## Problem
Copy verbatim the block of lines in the entries below whose first line contains "Multicoloured - Back" and whose last line contains "Antique & Exquisite". Leave out all other lines.

## Supplied entries
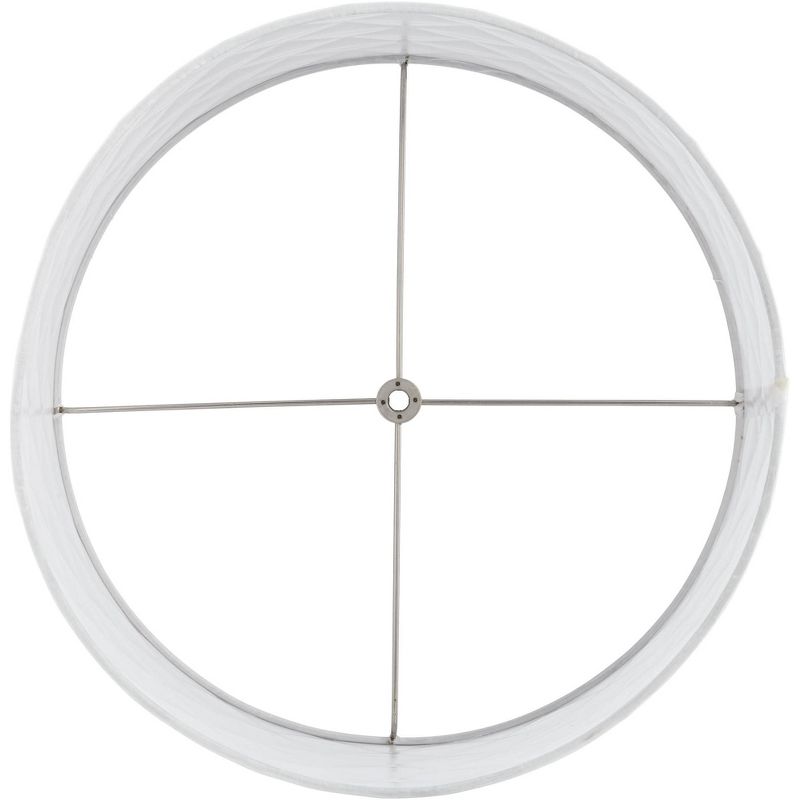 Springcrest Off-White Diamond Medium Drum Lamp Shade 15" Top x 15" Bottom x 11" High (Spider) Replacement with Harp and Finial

...

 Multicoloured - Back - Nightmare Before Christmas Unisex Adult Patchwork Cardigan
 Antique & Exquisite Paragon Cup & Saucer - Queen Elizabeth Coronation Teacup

...

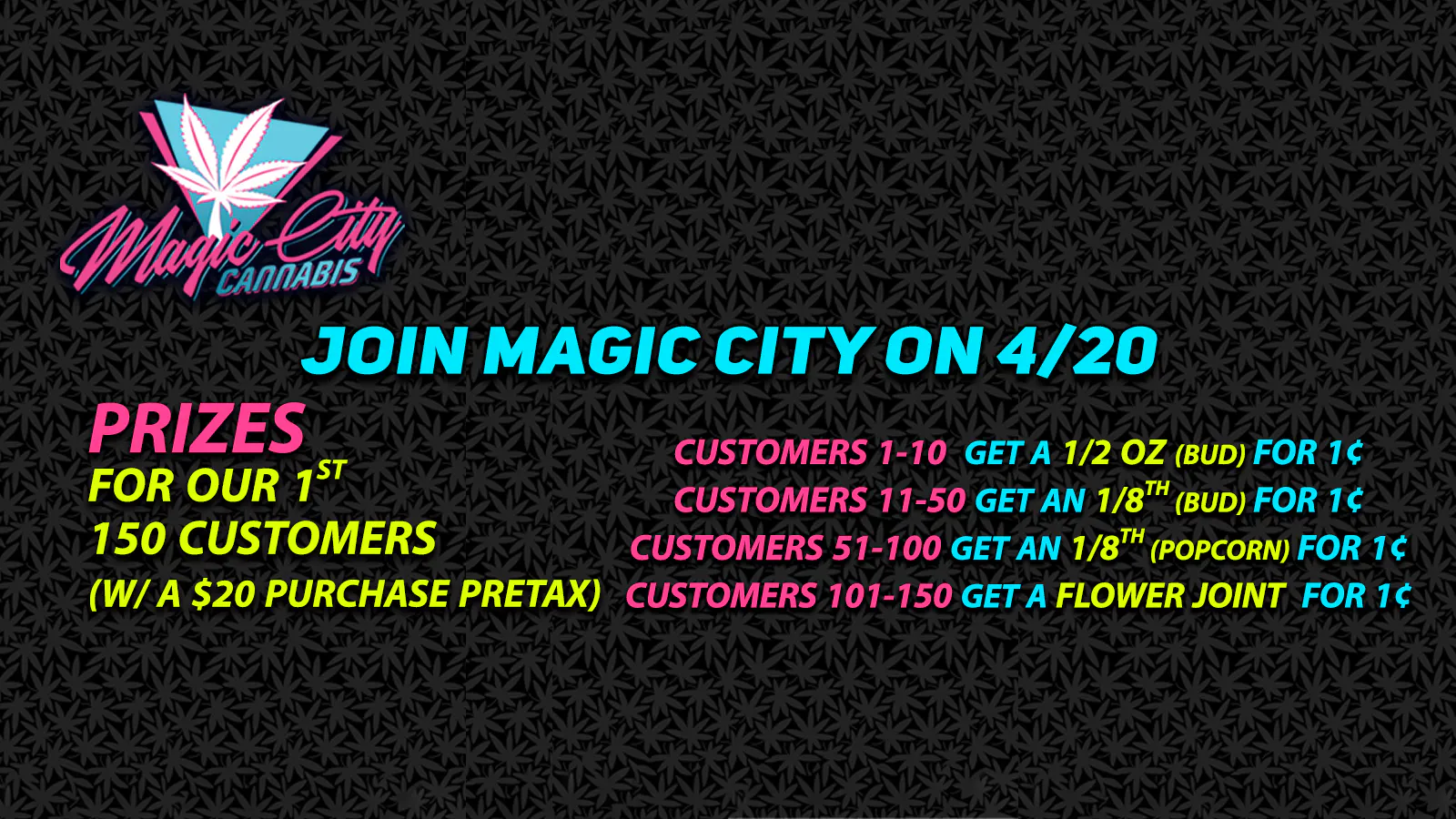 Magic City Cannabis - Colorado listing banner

## Response area
 Multicoloured - Back - Nightmare Before Christmas Unisex Adult Patchwork Cardigan
 Antique & Exquisite Paragon Cup & Saucer - Queen Elizabeth Coronation Teacup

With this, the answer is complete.